> Data section
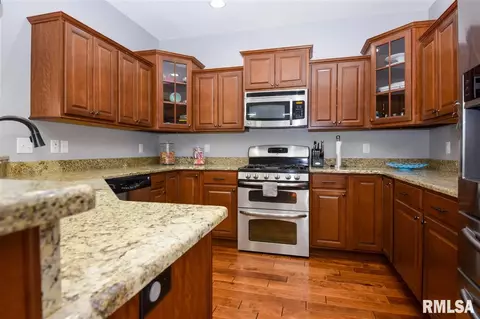 1404 Willow Dr, Washington, IL 61571 photo 7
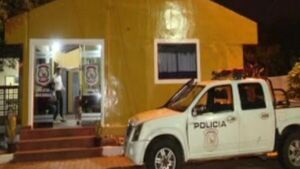 Camioneta impacta contra motocarro con una familia - SNT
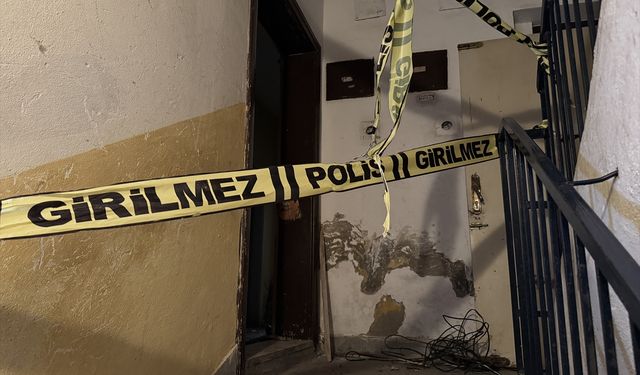 Nevşehir'de çöp evdeki engelli kadın, yaklaşık bir ay annesinin cesediyle yaşamış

> Task instructions
Give back the material above exactly, without pictures.

> Output of the task
 1404 Willow Dr, Washington, IL 61571 photo 7
 Camioneta impacta contra motocarro con una familia - SNT
 Nevşehir'de çöp evdeki engelli kadın, yaklaşık bir ay annesinin cesediyle yaşamış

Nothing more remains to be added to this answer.